WHEN LEONARD WOOLF published a selection from his wife's private journals in 1953 he called the book A Writer's Diary , and he made it just that: a sensitive artist's thoughts about her own writing, and her opinions of other people's. The book was valuable, illuminating, continually interesting-one could run through all the standard reviewers' terms of praise-but it was also a mis-representation of its subject. Leonard Woolf had set out to represent his late wife as a great writer, and to make his point he left out all her other woman's roles; so much so that the final entry, written four days before her suicide, comes as a poignant surprise: "And now with some pleasure I find that it's seven; and must cook dinner. Haddock and sausage meat. I think it is true that one gain a certain hold on sausage and haddock by writing them down." The rest of A Writer's Dairy doesn't prepare you for that-Virginia Woolf, great artist, cooking dinner.
Now, in the complete diary, the haddock-and-sausage-meat Virginia Woolf comes into her own, and what a delight she is! The woman in A Writer's Dairy was someone your had to admire but wouldn't want to meet at dinner-so intense, so industrious, so self-absorbed, so relentlessly literary; but the complete Virginia Woolf is perfect company, a gossipy, bitchy, witty woman, interested in all kinds of things that have nothing to do with High Art, and entertaining about them all. She is a friend to a circle of brilliant and peculiar people a devoted wife, the proprietor of a small publishing business (and also typesetter a fond aunt, a keeper of houses and employed of servants, a country woman when she's in the country who nevertheless returns to London as might a mistress to her lover. She is a fascinated observer of society (the diaries remind us, if we need reminding, that her proper place in literary history is with the great social novelists, that she is more like Jane Austen than like James Joyce); but she is also good on nature, knows the names of flowers and moths, and is a sensitive recorder of landscapes and weathers.

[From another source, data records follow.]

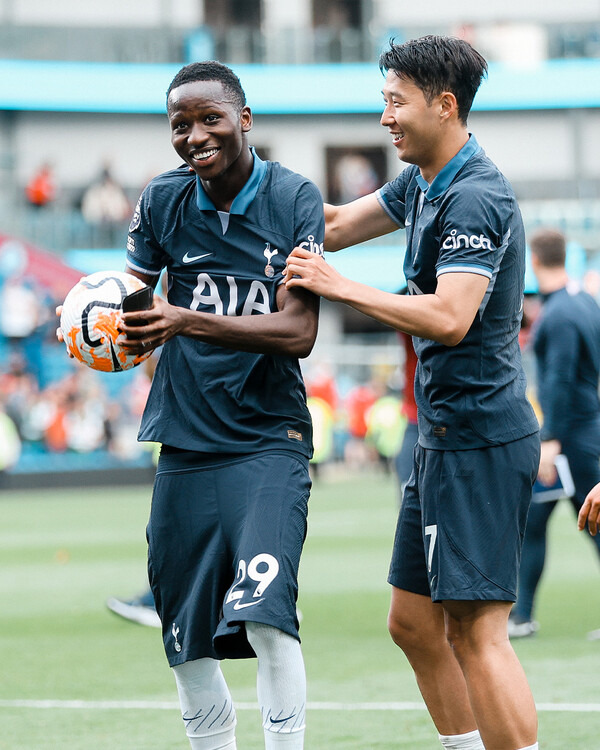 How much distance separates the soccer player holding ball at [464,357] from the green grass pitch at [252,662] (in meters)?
1.39

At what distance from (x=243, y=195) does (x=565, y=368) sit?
3686 mm

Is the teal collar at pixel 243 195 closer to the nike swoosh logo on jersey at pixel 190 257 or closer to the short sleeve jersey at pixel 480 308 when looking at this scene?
the nike swoosh logo on jersey at pixel 190 257

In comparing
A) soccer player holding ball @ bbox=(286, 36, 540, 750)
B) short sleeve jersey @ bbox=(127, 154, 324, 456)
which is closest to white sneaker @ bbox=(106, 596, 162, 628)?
short sleeve jersey @ bbox=(127, 154, 324, 456)

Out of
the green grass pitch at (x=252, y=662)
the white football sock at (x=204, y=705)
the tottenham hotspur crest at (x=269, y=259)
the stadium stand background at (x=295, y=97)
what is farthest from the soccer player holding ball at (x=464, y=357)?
the stadium stand background at (x=295, y=97)

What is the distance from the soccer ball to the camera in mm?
4070

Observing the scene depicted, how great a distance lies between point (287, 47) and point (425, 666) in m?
32.6

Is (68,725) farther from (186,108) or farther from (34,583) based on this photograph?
(34,583)

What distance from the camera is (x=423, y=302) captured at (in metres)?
3.93

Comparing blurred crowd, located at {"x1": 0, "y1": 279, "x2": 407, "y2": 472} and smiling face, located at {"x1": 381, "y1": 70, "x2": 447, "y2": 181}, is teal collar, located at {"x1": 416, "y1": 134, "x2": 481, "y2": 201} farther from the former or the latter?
blurred crowd, located at {"x1": 0, "y1": 279, "x2": 407, "y2": 472}

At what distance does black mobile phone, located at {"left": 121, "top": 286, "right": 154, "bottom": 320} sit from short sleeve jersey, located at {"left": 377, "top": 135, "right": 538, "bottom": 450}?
0.90 meters

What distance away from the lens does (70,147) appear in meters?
34.2

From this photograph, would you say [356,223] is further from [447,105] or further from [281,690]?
[281,690]

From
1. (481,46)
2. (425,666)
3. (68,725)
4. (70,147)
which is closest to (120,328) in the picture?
(425,666)

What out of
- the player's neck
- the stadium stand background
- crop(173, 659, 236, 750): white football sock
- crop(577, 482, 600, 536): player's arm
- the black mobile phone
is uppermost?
the stadium stand background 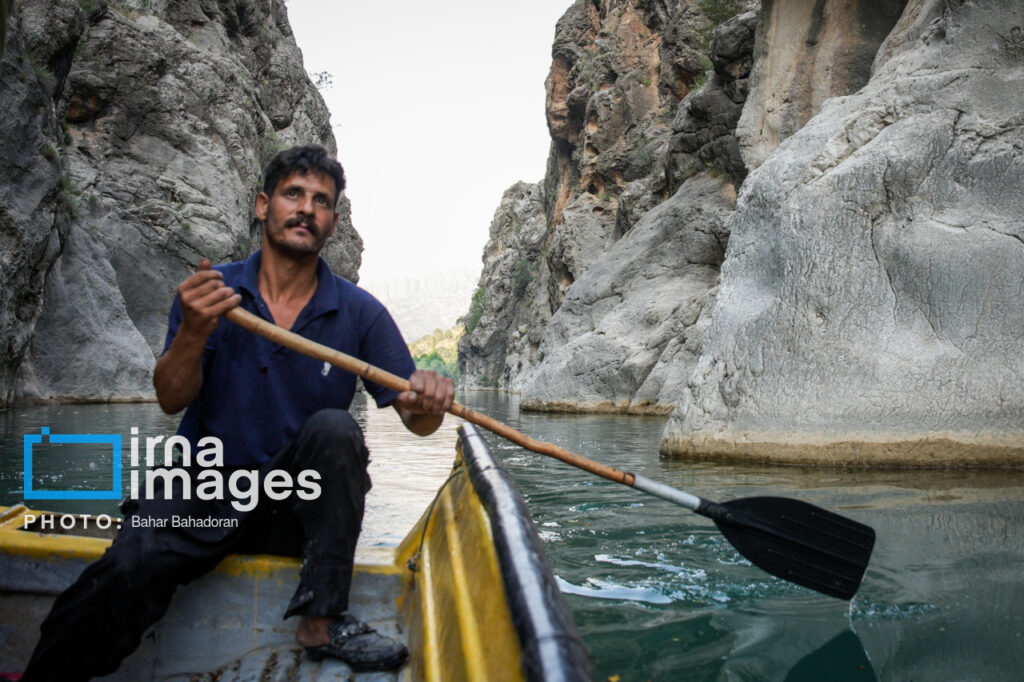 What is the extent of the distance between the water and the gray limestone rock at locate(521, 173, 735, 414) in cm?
858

In all this bounty of observation and opinion, the self-absorption disappears, and one begins to understand what she meant when she wrote, in an earlier diary, "I haven't an inner life." Her mind did not habitually turn inward, her life was a life of impressions, a continous interaction between hereself and her world. That world was, of course an enclosed one-the intellectual middle class of early 20th-century London that she herself called "Bloomsbury." The cast of characters is large, but relatively fixed: enter Lytton, enter Morgan, enter Nessa, Maynar, Lydia, Desmond, Saxon, Frankie, Carrington. About these omnipresent friends she is affectionate, but never sentimental, and frequently pleasingly bitchy. Vita Sackville-West enters her life, and Mrs. Woolf remarks that she is "not much to my severer taste-florid," moustached, parakeet coloured, with all the supple ease of the aristocracy, but not the wit of the artist"; E.M. Forster passes, and she observes that "the middle age of buggers is not to be contemplated without horror"; she meets Arnold Bennett (not strictly Bloomsbury), and fixes him with an image; "a lovable sea lion, with chocolate eyes, drooping lids, & a protruding tusk"; T.S. Eliot comes to Sunday tea, and she notices one thing-how he pronounces his French "with great care and pride."

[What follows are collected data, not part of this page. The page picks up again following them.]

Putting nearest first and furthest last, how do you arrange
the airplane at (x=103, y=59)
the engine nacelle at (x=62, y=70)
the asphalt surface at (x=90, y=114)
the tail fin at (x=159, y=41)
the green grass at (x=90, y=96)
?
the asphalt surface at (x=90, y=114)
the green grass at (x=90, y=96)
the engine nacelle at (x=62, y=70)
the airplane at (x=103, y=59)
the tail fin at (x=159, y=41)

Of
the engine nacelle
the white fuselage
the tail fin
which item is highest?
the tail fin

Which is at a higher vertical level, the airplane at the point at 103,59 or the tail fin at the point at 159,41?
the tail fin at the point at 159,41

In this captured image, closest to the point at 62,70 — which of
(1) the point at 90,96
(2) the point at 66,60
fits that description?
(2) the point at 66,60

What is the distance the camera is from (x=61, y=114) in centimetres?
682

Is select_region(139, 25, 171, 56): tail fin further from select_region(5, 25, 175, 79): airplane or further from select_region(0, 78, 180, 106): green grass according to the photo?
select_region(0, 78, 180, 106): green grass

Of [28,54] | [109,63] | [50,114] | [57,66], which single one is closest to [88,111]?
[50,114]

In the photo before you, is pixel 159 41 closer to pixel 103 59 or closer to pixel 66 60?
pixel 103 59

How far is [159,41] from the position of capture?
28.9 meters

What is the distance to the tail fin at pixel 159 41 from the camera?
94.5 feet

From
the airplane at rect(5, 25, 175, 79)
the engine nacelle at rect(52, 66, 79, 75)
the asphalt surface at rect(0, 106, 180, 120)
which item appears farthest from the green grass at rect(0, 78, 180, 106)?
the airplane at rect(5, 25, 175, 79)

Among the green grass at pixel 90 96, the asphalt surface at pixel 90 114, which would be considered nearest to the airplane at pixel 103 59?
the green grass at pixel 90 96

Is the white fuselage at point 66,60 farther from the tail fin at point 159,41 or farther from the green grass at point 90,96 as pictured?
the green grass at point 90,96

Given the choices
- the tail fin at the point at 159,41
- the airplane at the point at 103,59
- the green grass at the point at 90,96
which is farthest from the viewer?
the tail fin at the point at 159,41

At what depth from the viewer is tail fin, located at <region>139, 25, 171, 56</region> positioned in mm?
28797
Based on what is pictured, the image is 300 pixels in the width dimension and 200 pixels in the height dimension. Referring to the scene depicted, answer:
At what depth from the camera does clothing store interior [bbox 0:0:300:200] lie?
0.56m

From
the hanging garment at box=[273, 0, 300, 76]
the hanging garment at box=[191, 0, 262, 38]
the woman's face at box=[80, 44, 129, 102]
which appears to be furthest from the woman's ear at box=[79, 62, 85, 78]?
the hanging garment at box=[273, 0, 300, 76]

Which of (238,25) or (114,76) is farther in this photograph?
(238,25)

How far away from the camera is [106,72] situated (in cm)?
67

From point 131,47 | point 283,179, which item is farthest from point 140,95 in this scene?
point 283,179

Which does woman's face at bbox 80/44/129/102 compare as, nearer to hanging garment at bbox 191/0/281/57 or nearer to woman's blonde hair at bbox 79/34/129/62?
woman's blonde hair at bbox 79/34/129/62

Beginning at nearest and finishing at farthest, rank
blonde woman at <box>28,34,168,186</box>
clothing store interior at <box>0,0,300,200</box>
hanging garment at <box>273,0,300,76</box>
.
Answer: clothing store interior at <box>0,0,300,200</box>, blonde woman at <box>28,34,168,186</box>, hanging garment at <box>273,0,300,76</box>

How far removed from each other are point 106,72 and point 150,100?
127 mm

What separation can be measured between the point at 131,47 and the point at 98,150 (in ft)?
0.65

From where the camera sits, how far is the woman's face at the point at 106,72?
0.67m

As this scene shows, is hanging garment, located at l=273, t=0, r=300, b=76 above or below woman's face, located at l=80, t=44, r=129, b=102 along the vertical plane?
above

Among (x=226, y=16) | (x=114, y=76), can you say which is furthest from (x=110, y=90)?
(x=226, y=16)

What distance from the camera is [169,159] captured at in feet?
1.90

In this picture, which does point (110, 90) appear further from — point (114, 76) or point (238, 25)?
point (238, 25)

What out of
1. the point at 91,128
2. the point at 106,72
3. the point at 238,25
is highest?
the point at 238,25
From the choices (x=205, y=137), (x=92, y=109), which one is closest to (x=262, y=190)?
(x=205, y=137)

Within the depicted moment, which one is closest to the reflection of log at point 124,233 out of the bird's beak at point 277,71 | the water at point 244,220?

Even if there were no Virginia Woolf novels these diaries would earn her a secure place among the writers of her time: they constitute a social history of one place and time that has no modern parallel. Tha fact that the diarist is also a major novelist makes them interesting in another way-as the almost day-to-day record of the growth of a writer's imagination. Volume Two covers the years 1920-1924, during which Jacob's Room was published and Mrs. Dalloway written. By this time Mrs. Woolf knew how good she was, and what she might achieve. Looking back on her early novels, she saw them, quite correctly, as apprentice work, preparations for what was coming. So, when Maynard Keynes criticized Night and Day for its excessive detail, she could calmly reply: "Oh, its a dull book, I know . . . but don't you see you must put it all in before you can leave out." In Jacob's Room she had begun to "leave out," and she saw that book as her real beginning: "There's no doubt in my mind that I have found out how to begin (at 40) to say something in my own voice," she wrote, "and that interests me so that I feel I can go ahead without praise."

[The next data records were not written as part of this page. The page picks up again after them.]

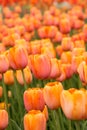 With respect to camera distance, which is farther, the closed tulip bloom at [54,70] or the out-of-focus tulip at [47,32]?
the out-of-focus tulip at [47,32]

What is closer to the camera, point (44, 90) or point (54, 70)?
point (44, 90)

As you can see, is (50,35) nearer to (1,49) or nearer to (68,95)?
(1,49)

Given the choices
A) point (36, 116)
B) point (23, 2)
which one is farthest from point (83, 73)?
point (23, 2)

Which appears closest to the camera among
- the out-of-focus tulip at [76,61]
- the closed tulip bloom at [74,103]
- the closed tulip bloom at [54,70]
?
the closed tulip bloom at [74,103]

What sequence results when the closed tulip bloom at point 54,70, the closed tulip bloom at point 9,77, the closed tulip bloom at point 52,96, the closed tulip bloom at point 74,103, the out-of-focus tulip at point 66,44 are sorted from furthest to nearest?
the out-of-focus tulip at point 66,44 → the closed tulip bloom at point 9,77 → the closed tulip bloom at point 54,70 → the closed tulip bloom at point 52,96 → the closed tulip bloom at point 74,103

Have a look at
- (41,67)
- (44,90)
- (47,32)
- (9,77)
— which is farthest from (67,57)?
(47,32)

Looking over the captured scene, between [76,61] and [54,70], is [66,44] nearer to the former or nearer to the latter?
[76,61]

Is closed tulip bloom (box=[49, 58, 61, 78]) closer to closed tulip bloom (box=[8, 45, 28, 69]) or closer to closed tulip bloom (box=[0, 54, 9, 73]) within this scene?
closed tulip bloom (box=[8, 45, 28, 69])

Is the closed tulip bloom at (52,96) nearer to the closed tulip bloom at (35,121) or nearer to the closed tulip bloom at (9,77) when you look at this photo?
the closed tulip bloom at (35,121)

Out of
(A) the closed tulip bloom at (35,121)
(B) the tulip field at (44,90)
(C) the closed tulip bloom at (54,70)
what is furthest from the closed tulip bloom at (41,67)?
(A) the closed tulip bloom at (35,121) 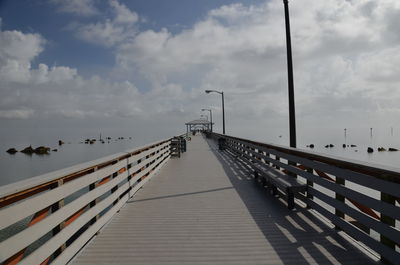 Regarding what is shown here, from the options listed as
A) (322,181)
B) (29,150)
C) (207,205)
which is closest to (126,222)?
(207,205)

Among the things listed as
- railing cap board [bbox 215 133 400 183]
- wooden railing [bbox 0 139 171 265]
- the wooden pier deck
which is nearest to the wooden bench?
the wooden pier deck

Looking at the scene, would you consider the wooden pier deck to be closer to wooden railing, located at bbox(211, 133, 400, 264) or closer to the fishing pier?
the fishing pier

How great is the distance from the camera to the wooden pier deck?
3311 millimetres

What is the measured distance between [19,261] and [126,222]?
7.53 feet

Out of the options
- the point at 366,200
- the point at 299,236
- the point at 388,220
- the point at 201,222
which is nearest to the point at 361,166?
the point at 366,200

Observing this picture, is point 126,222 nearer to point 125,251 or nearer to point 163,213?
point 163,213

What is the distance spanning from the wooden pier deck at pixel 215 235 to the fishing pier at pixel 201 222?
14mm

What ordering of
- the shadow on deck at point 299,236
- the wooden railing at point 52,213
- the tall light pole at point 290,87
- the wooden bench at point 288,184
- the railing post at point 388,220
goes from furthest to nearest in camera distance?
1. the tall light pole at point 290,87
2. the wooden bench at point 288,184
3. the shadow on deck at point 299,236
4. the railing post at point 388,220
5. the wooden railing at point 52,213

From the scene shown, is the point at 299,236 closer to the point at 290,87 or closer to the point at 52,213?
the point at 52,213

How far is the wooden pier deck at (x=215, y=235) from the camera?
3.31 meters

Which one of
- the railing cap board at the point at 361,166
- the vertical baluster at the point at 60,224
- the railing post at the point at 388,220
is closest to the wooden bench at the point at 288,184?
the railing cap board at the point at 361,166

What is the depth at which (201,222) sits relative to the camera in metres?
4.56

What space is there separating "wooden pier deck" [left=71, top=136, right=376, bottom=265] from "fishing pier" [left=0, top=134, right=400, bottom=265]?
1 centimetres

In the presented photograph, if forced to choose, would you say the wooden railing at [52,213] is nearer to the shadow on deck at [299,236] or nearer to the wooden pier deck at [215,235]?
the wooden pier deck at [215,235] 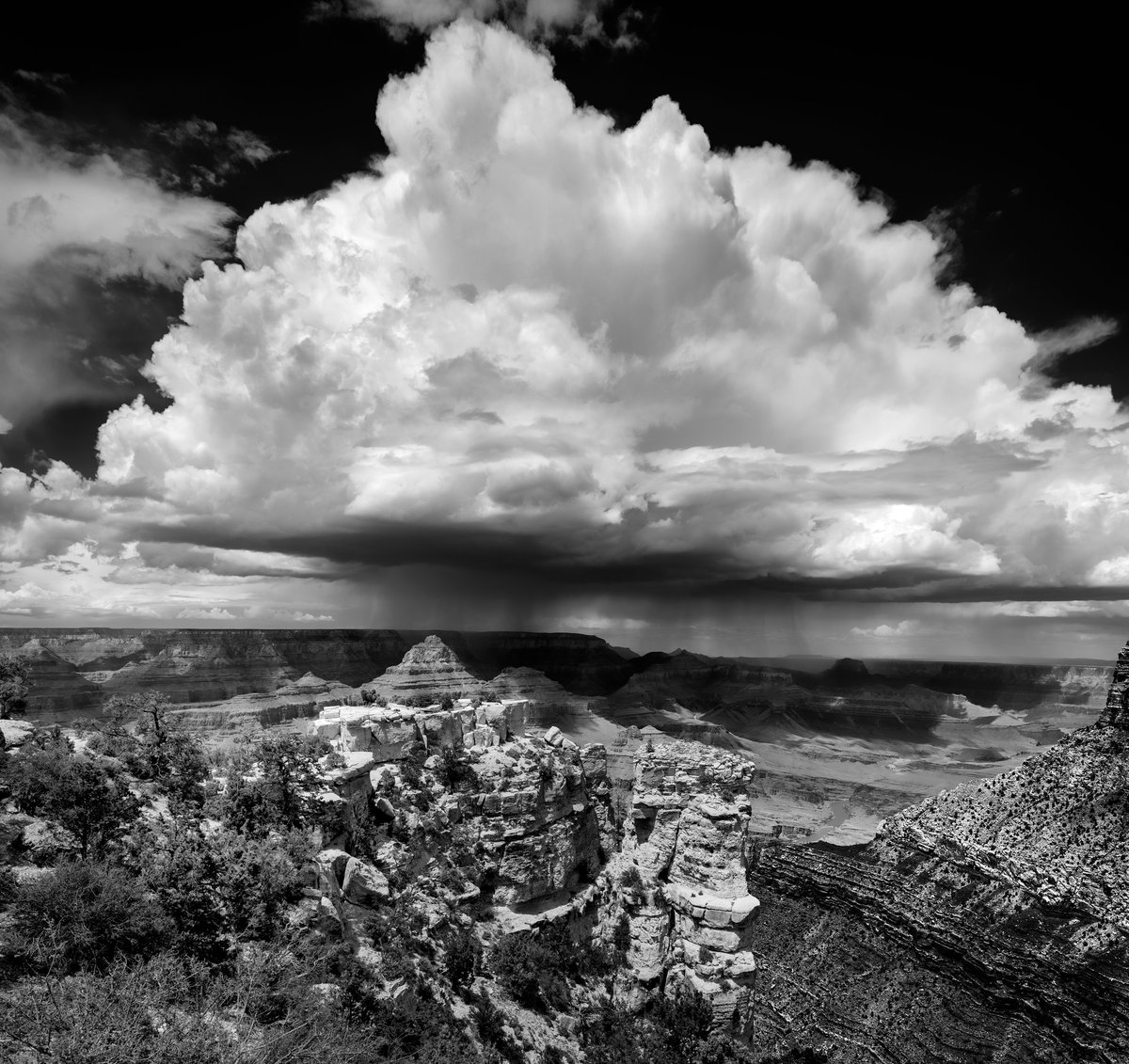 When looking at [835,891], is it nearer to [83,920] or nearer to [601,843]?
[601,843]

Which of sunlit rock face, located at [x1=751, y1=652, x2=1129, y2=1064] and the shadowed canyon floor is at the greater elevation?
sunlit rock face, located at [x1=751, y1=652, x2=1129, y2=1064]

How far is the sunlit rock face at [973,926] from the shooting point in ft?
106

Yet even now, as she went a head into Mrs. Dalloway , her life as an artist was continually mixed with her other lives: "Compliments, clothes, building, photography," she wrote in 1922, "it is for these reasons that I cannot write Mrs. Dalloway ." Reading her life one day at a time we can see not only how it was that she could not write her novel, but how she could-how the diversity of her daily life came together to give her what she strove for: not the sense of Art, but the sense of Life. "People come must days," she writes in the final entry to this volume. "I enjoy my printing afternoons, & think it the sanest way of life-for if I were always writing, or merely recouping from writing, I should be like an inbreeding rabbit-my progeny becoming weakly albinos." Sane is the right word for her, after all: it was a precarious sanity in the life, and in the end it failed her; but it was a strong and certain sanity in the work-and in this marvelous diary.